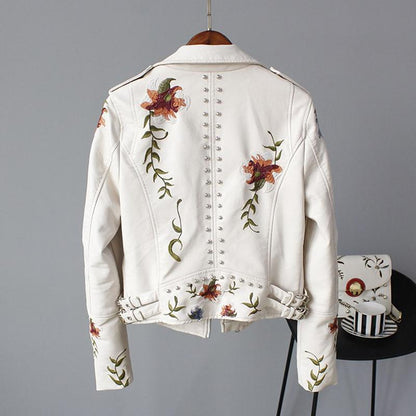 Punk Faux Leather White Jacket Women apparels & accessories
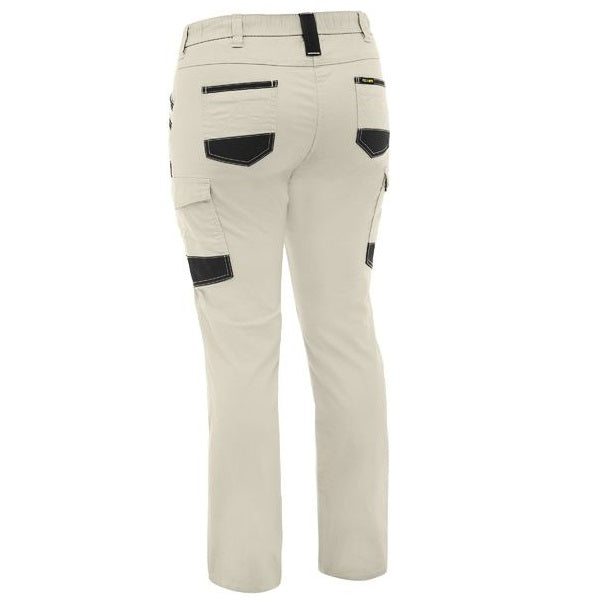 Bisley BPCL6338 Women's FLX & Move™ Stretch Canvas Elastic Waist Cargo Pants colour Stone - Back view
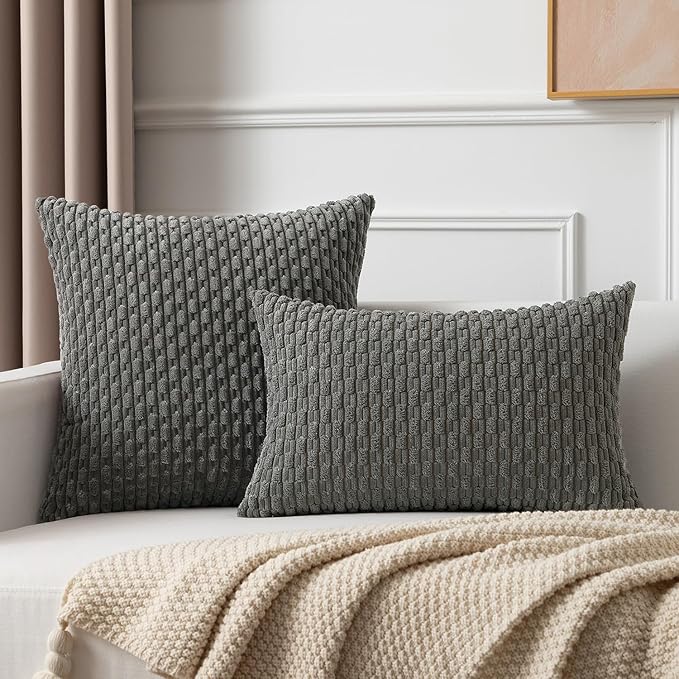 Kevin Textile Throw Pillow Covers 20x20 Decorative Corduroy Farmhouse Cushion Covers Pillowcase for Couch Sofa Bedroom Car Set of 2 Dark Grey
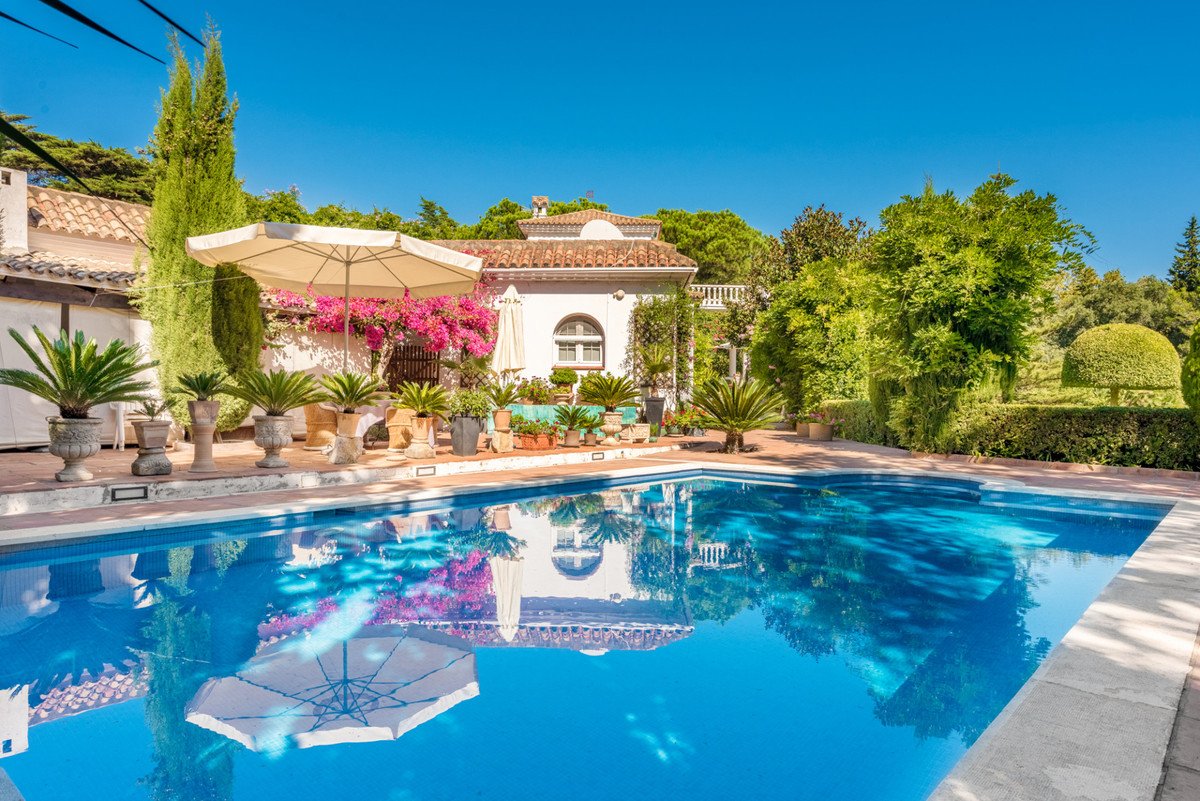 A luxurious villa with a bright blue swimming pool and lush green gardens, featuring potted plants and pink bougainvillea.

=-=-=

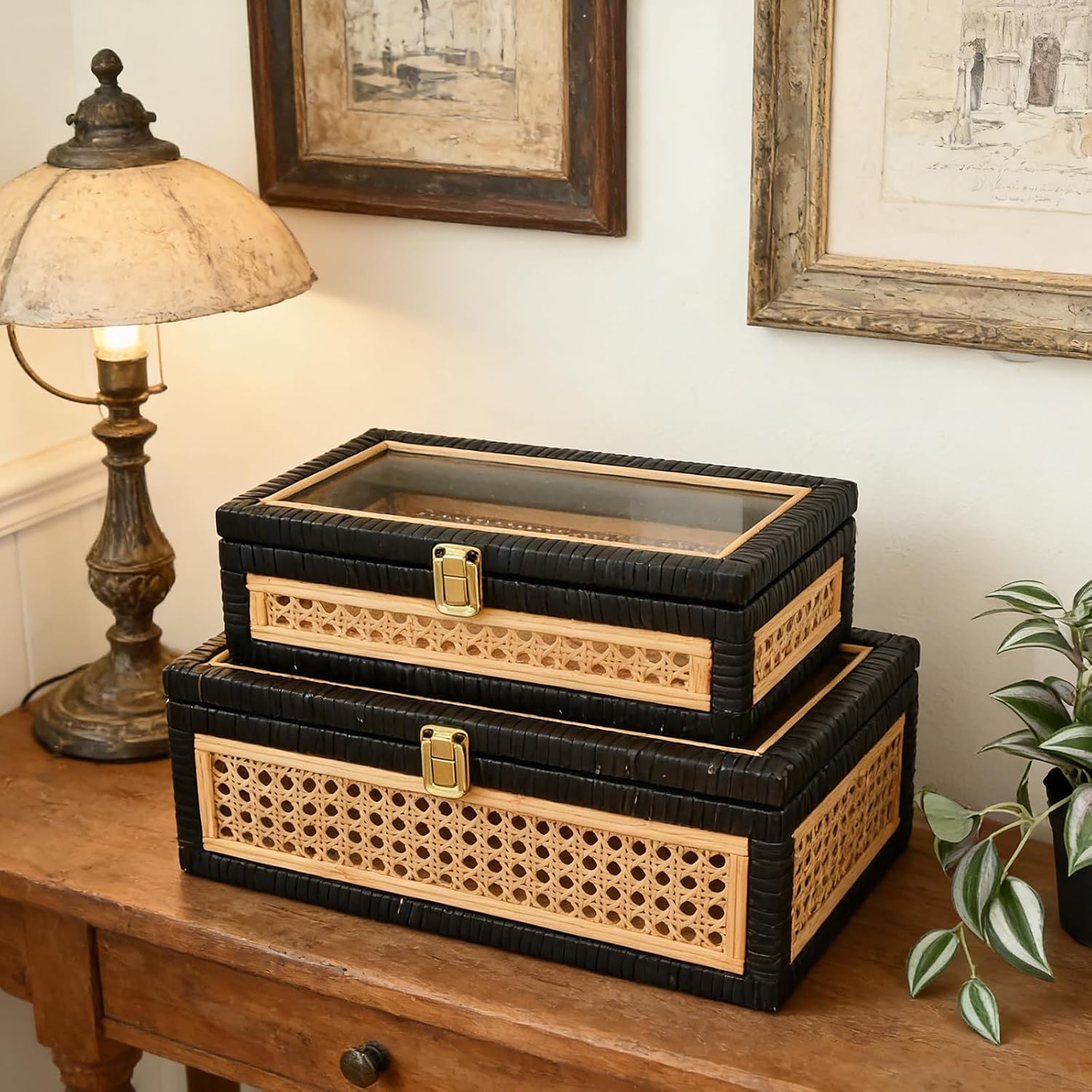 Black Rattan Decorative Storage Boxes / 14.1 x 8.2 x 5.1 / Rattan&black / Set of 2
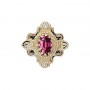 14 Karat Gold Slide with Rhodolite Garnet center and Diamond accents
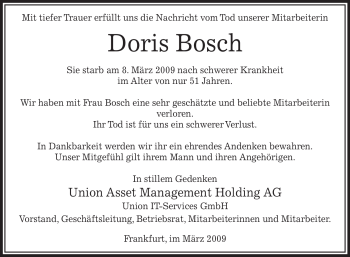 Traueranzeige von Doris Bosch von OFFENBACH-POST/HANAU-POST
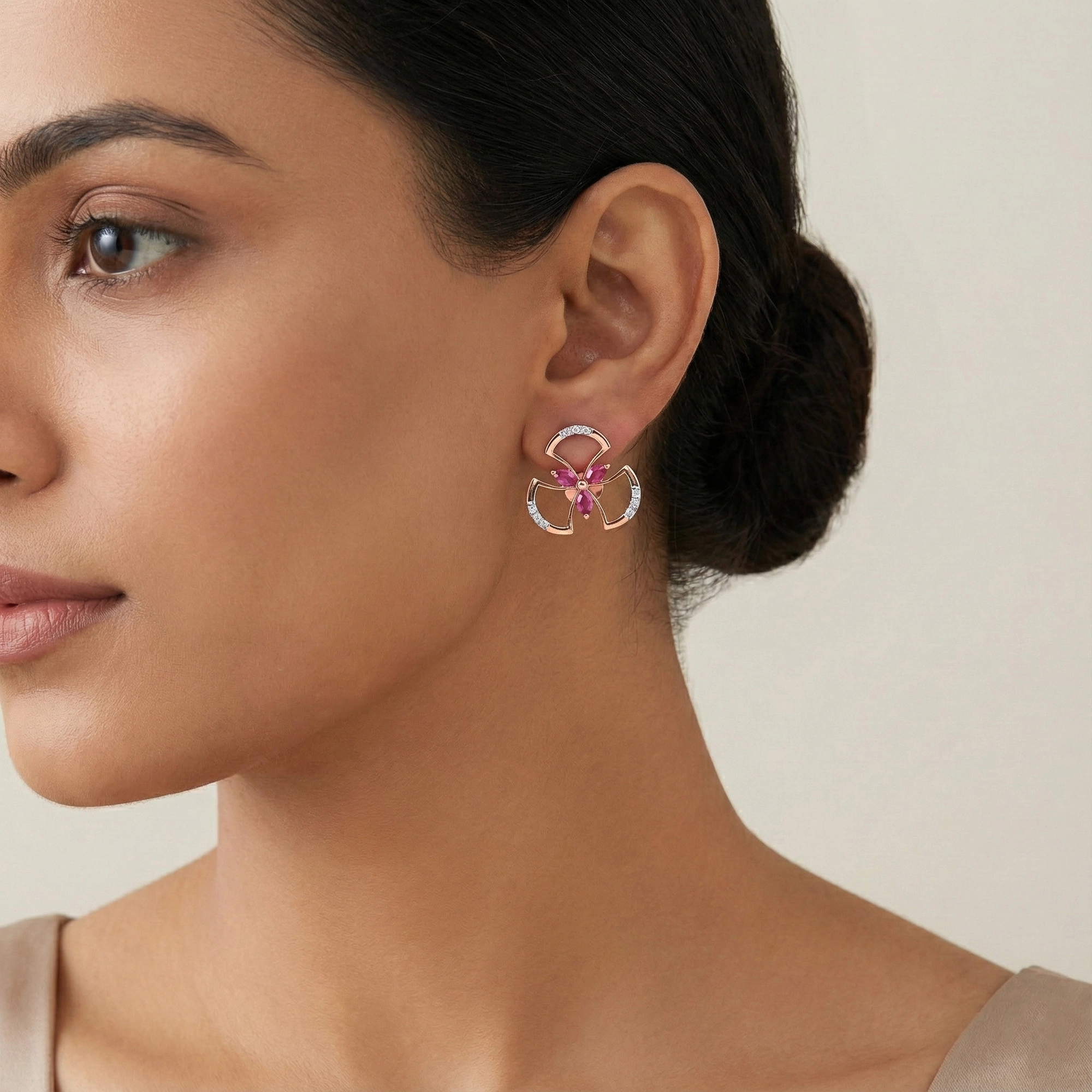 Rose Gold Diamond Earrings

=-=-=

* _WHAT TO DO_: Transcribe the lines above exactly, beginning at the one with "Black Rattan Decorative" and ending at the one with "Rose Gold Diamond Earrings". Include both; exclude the pictures.

* _RESPONSE TO THE TASK_:
 Black Rattan Decorative Storage Boxes / 14.1 x 8.2 x 5.1 / Rattan&black / Set of 2
 14 Karat Gold Slide with Rhodolite Garnet center and Diamond accents
 Traueranzeige von Doris Bosch von OFFENBACH-POST/HANAU-POST
 Rose Gold Diamond Earrings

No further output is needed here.